> [SUPPLIED DATA]:

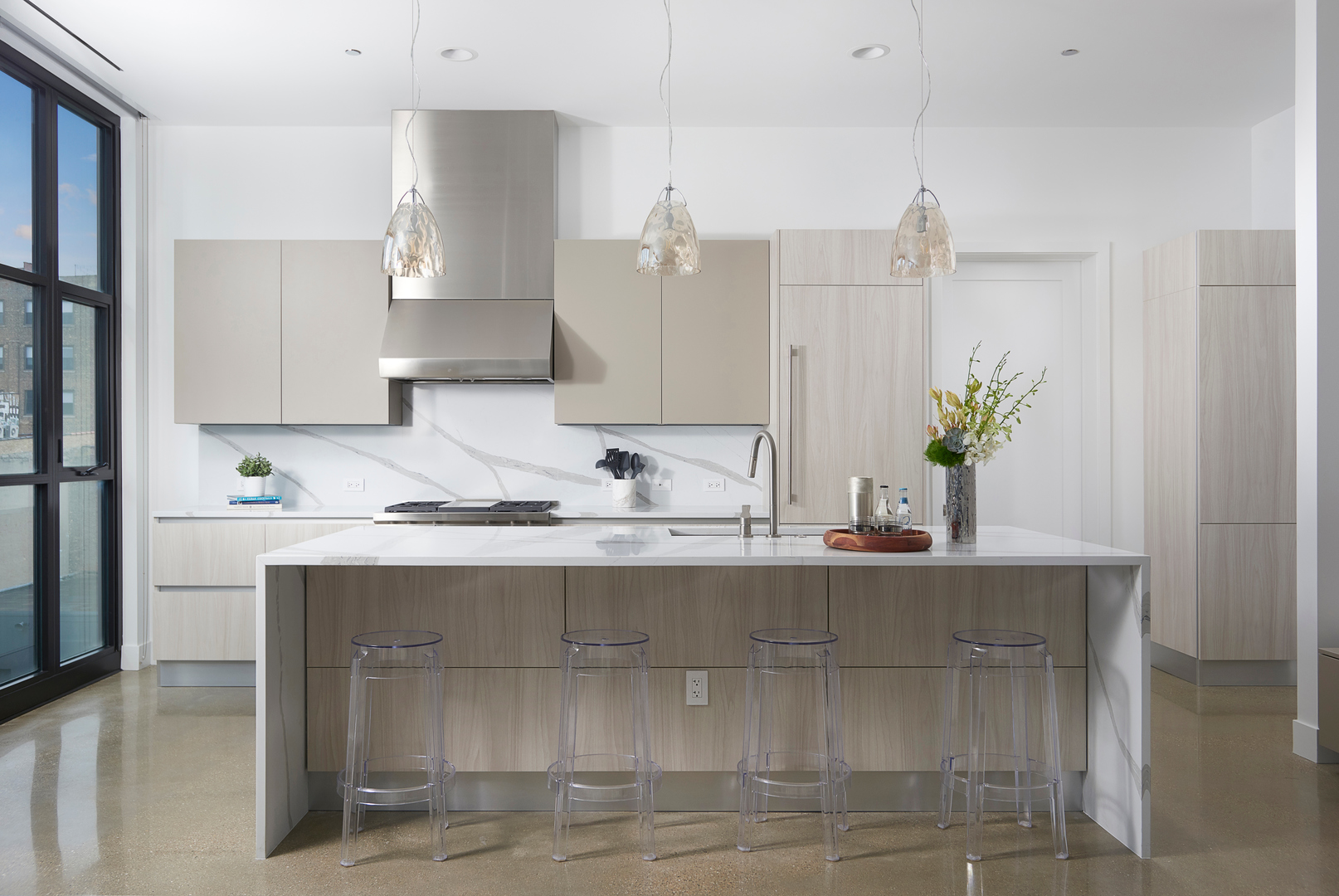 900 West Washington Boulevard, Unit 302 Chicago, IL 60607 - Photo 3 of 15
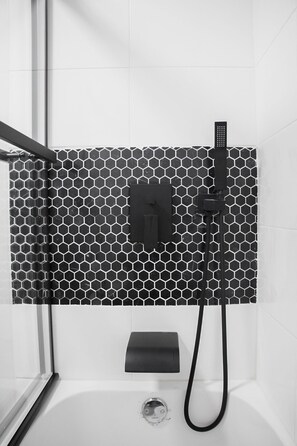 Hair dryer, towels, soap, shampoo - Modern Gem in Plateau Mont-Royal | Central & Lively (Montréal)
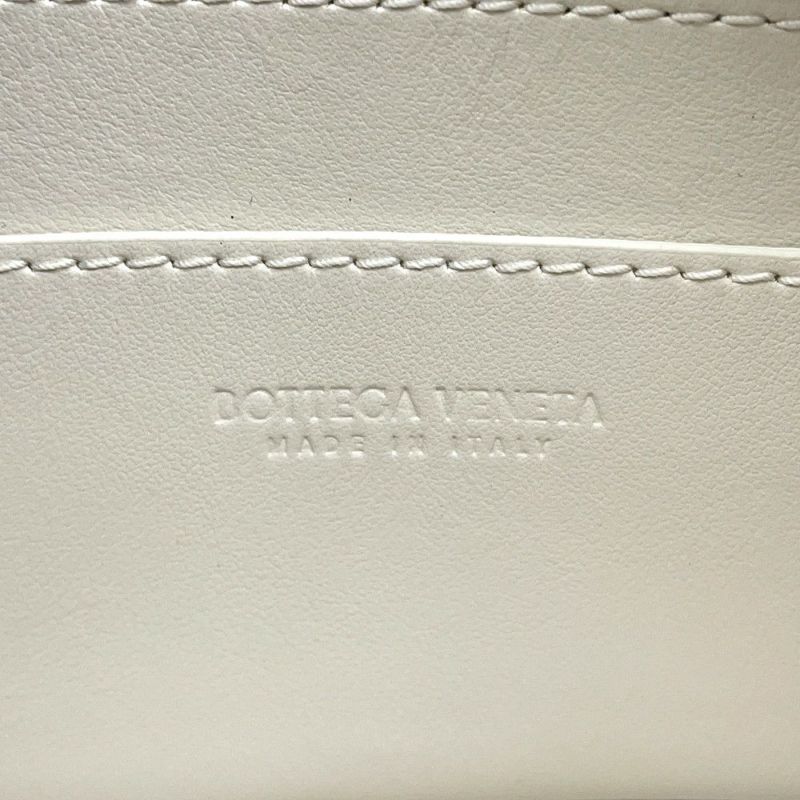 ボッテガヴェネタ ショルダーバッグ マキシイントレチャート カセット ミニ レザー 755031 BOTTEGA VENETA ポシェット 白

> [WHAT THE EXERCISE ASKS]:
Repeat every line above exactly, but omit all images.

> [EXERCISE ANSWER]:
 900 West Washington Boulevard, Unit 302 Chicago, IL 60607 - Photo 3 of 15
 Hair dryer, towels, soap, shampoo - Modern Gem in Plateau Mont-Royal | Central & Lively (Montréal)
 ボッテガヴェネタ ショルダーバッグ マキシイントレチャート カセット ミニ レザー 755031 BOTTEGA VENETA ポシェット 白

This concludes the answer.